Nordstrom was the lone bright spot within the luxury sector as Neiman Marcus (-5.9%) and Saks (-26.1%) continued to struggle to move high price points. Saks, which managed to fall below analysts’ predictions of a decline of 20.8%, was deeply affected by tough 2008 comparisons and the shift of a designer clearance event from the year-ago period.
JC Penney saw month-over-month comps slip to a decline of 5.9% compared to a decline of 4.5% in October, while Stage Stores whiffed on forecasts, posting a 12.5% decline after analysts expected a decline of about 5.3%. Macy’s posted a 6.1% decrease for the month.
At teen retailers, Aeropostale and The Buckle continued to be the lone bright spots, posting comp growth of 7.0% and 1.4%, respectively – albeit still missing estimates. Abercrombie & Fitch — despite attempts to revive business with complimentary gift card promotions — heftily missed expectations by posting November comps that were off 17.0%. Abercrombie continued to experience significant challenges from its fast-fading Hollister brand, which reported a 23% comp sales decline for the month. Gap Inc. reported flat November comps as strength from its Old Navy North America brand (+6%) offset weakness in its Banana Republic NA (-4%) and Gap NA (-4%).
Looking ahead, the ISCS anticipates that same-store sales will rise by 2% to 3 % in December as consumers complete more of the holiday shopping later than last year and confirmed its original Holiday season forecast calling for about 1% growth.
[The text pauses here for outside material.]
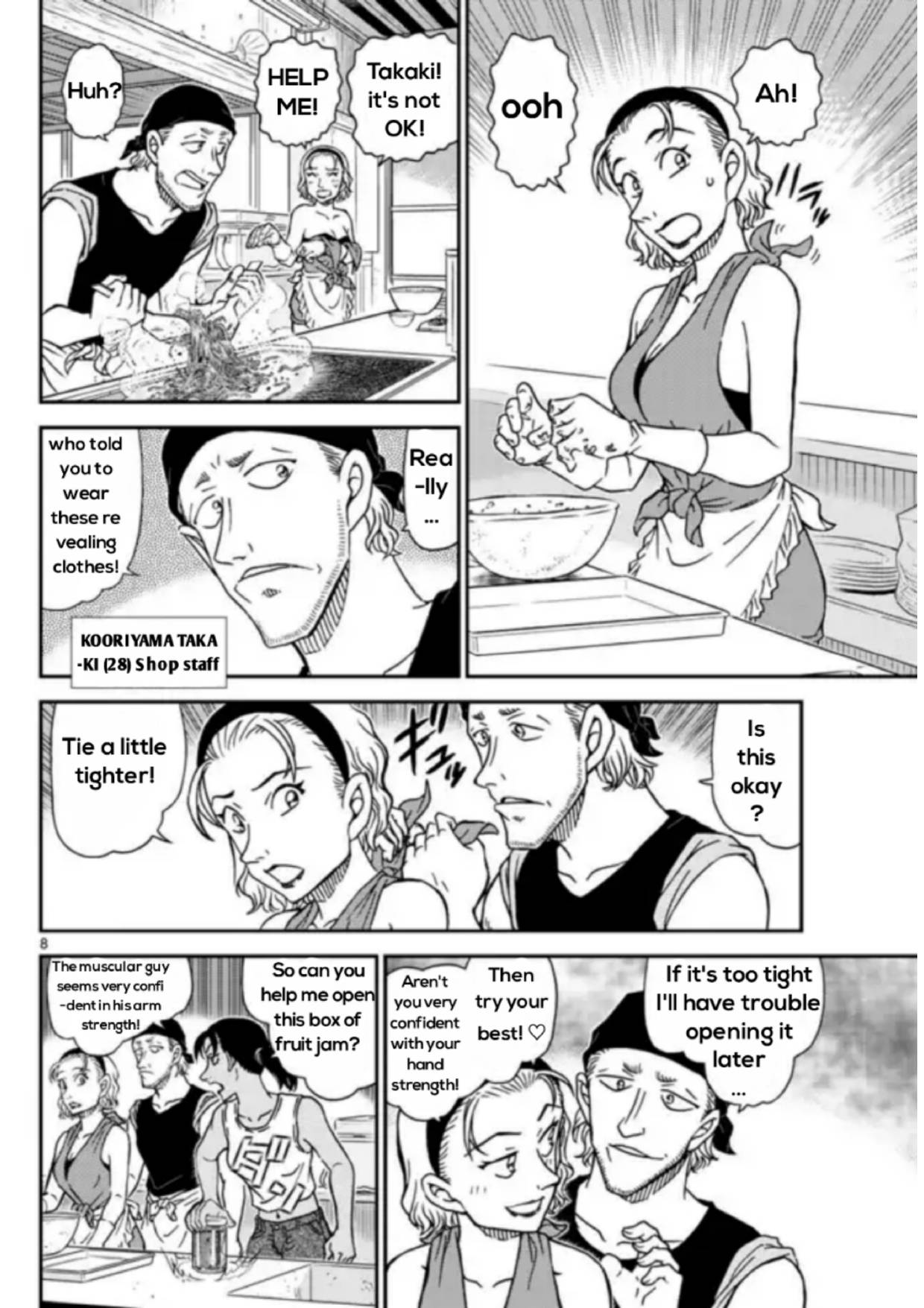 Page 8 of Chapter 1097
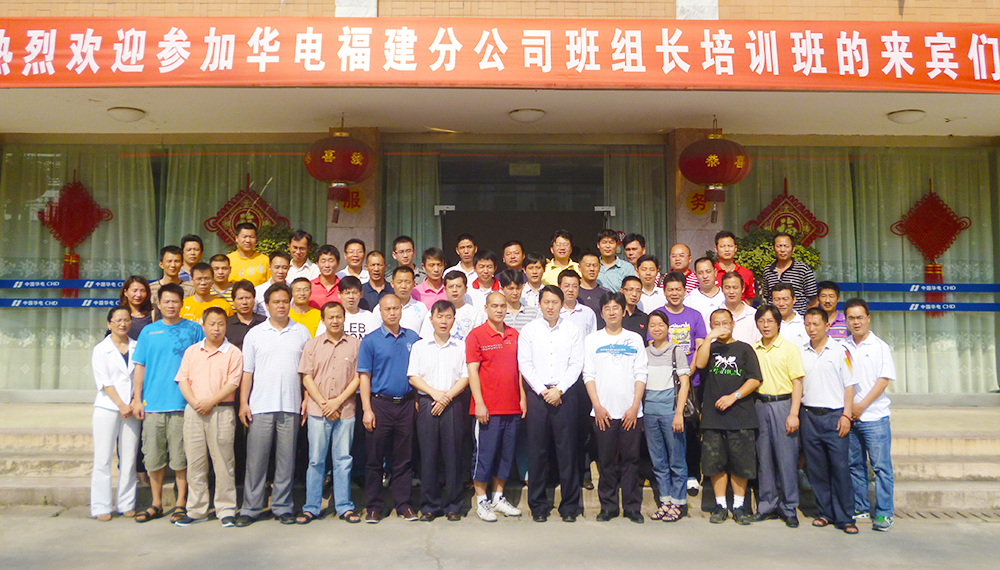華電集團(tuán).jpg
In related news, a report recently issued by the Labor Department indicated that the unemployment rate fell to 10% in November a pleasant surprise to many experts who expected it to remain constant with the rate of 10.2% reported in October. The report indicated that the unemployment rate dropped partially because the number of jobless Americans dropped by 325,000 to 15.4 million. Hidden within the numbers, though, is the fact that more and more of the unemployed are giving up on looking for work.